On the other hand, a glowing GDP should be cause for celebration. Educate consumers to appreciate the deep significance of a winning GDP in their lives. It is not just a number. It is a grade. GDP is a measure of personal worth, the worth of the workers whose effort or lack of effort helped create the number; the worth of consumers whose spending or lack of spending helped create the number; the worth of the nation at large, whose care or lack of caring contributed to the number.

In the same way that a religious person who meets the highest standards of behavior achieves a state of religious grace, good workers and consumers, as well as CEOs, can achieve a state of economic grace. Join together with friends and workers to celebrate the light of a robust and growing GDP confident that you have done all you can to ensure a comfortable future. Like Christians waiting for The Rapture, we are all in this together.

That is, most of us are. In 1972, Jigme Singye Wangchuk, still an adolescent, and the fourth King of Bhutan, slapped the face of the world economy when he proposed that his nation's standard of worth would be known henceforth as, "Gross National Happiness." His idea consisted of four tenets: 1. Development based on equality and sustainability. 2. The preservation and promotion of cultural values. 3. The establishment of good government. And 4. Conservation of the natural environment. What have we here, a Buddhist Shangri-La?

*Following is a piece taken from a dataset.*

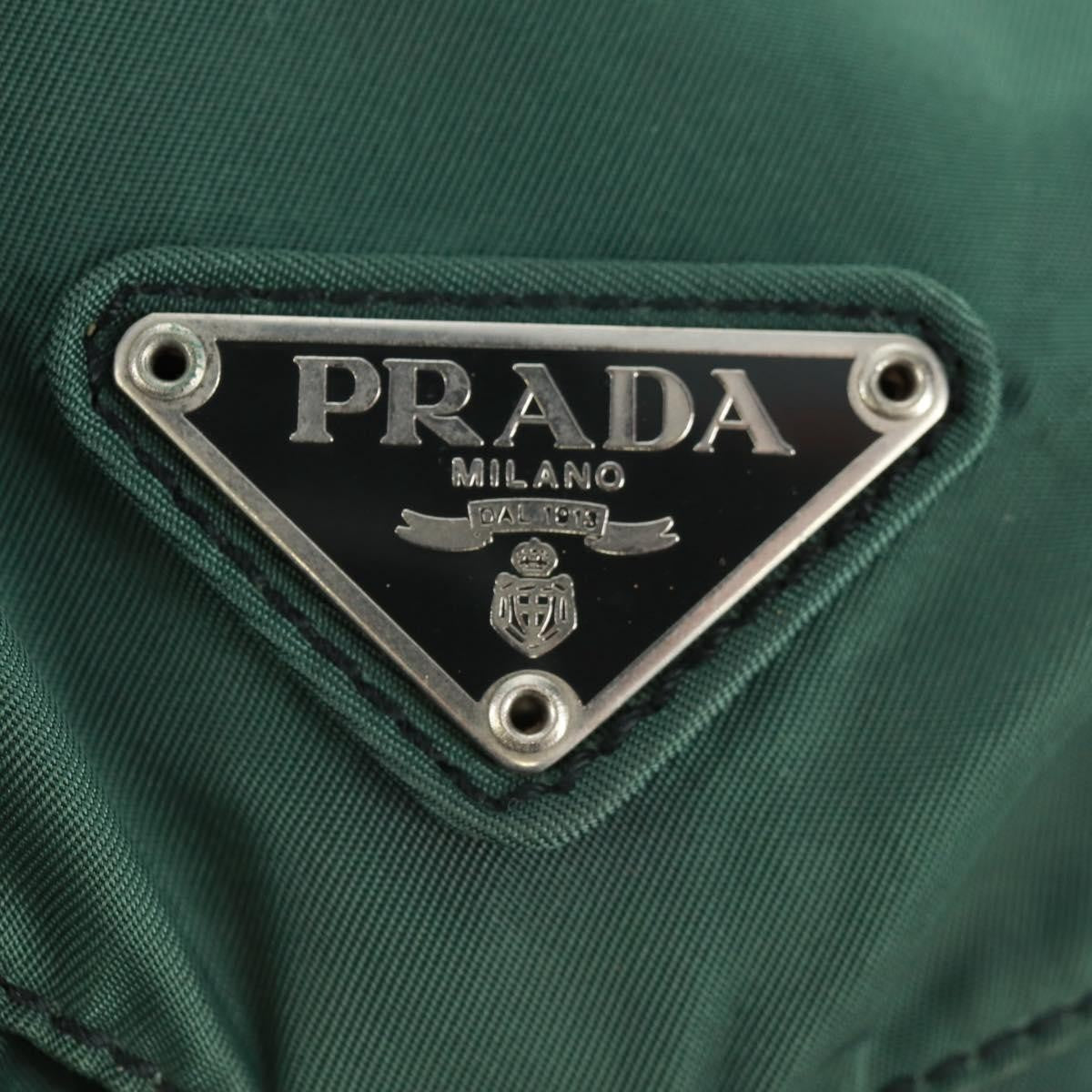 Prada Vela Double Front Pocket Backpack Tessuto with Saffiano Leather, GREEN, NYLON, Backpack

The arrogance of this proposal is as monumental as the Himalayan Mountains on which this tiny, landlocked, and isolated nation rests. The United Nations did not even recognize the sovereignty of this peanut of a country until 1971, and the Chinese even today claim part of it. One might argue that this quaint and backward idea of Gross National Happiness fits a country in which cutting down a tree, any tree, is a crime, and that it is therefore a laughable idea. But I am not laughing. This notion challenges The Grand Economy. It undermines the view of the classical economists that contentment results from consumer spending and acquisition. It belittles the fact that joy can be measured quantitatively and exactly by levels of consumption. Furthermore, this idea did not die stillborn. Its supporters met in Japan in November, 2006.  The idea seems to be growing.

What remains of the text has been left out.